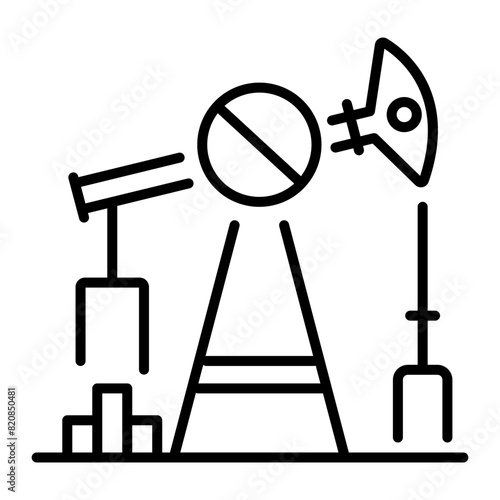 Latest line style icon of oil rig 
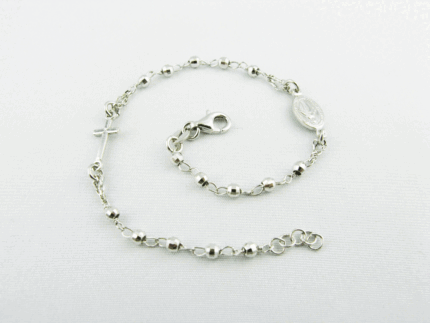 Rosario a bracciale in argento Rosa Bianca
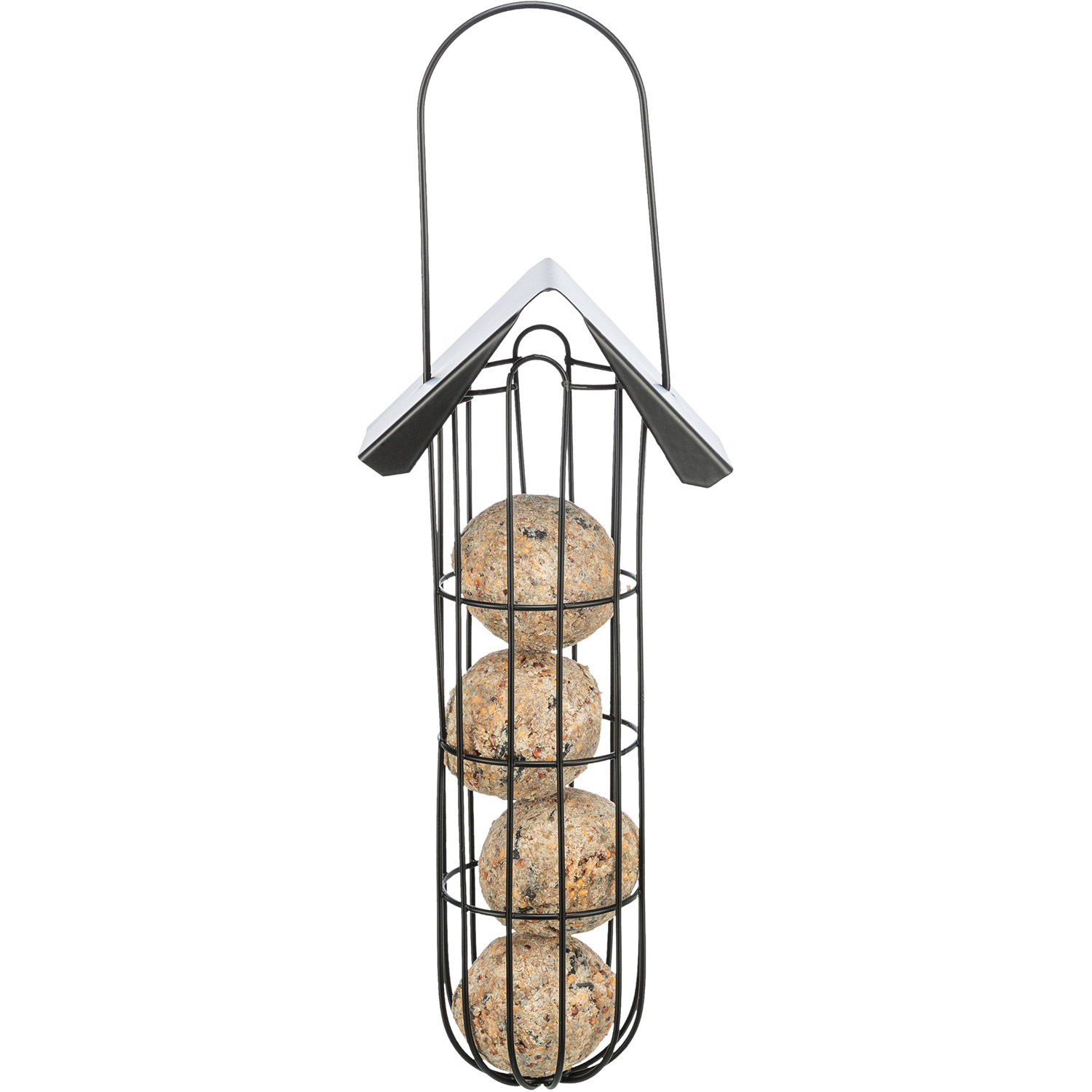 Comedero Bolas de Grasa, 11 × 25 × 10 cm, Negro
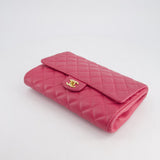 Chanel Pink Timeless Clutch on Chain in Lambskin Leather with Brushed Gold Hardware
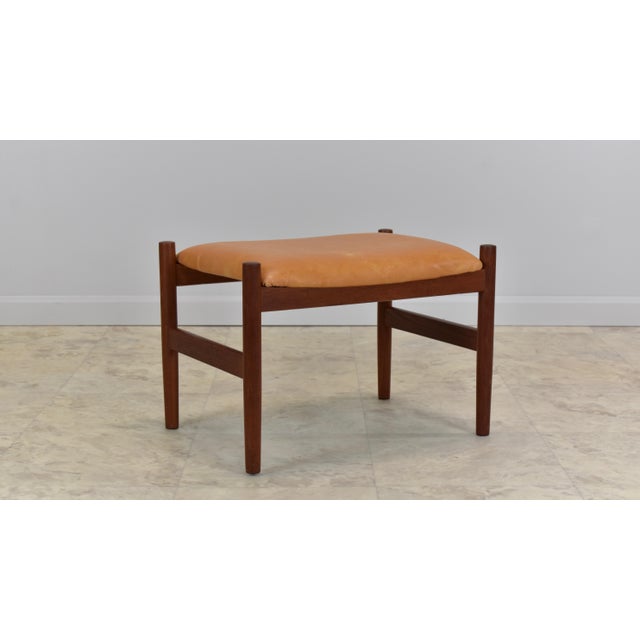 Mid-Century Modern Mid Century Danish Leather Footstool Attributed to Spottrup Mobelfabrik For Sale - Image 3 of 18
------
* _What the exercise asks_:
Repeat the line containing "Chanel Pink Timeless" and every line after it up to the end of the material above, exactly as they stand, minus the pictures.

* _Output for this exercise_:
 Chanel Pink Timeless Clutch on Chain in Lambskin Leather with Brushed Gold Hardware
 Mid-Century Modern Mid Century Danish Leather Footstool Attributed to Spottrup Mobelfabrik For Sale - Image 3 of 18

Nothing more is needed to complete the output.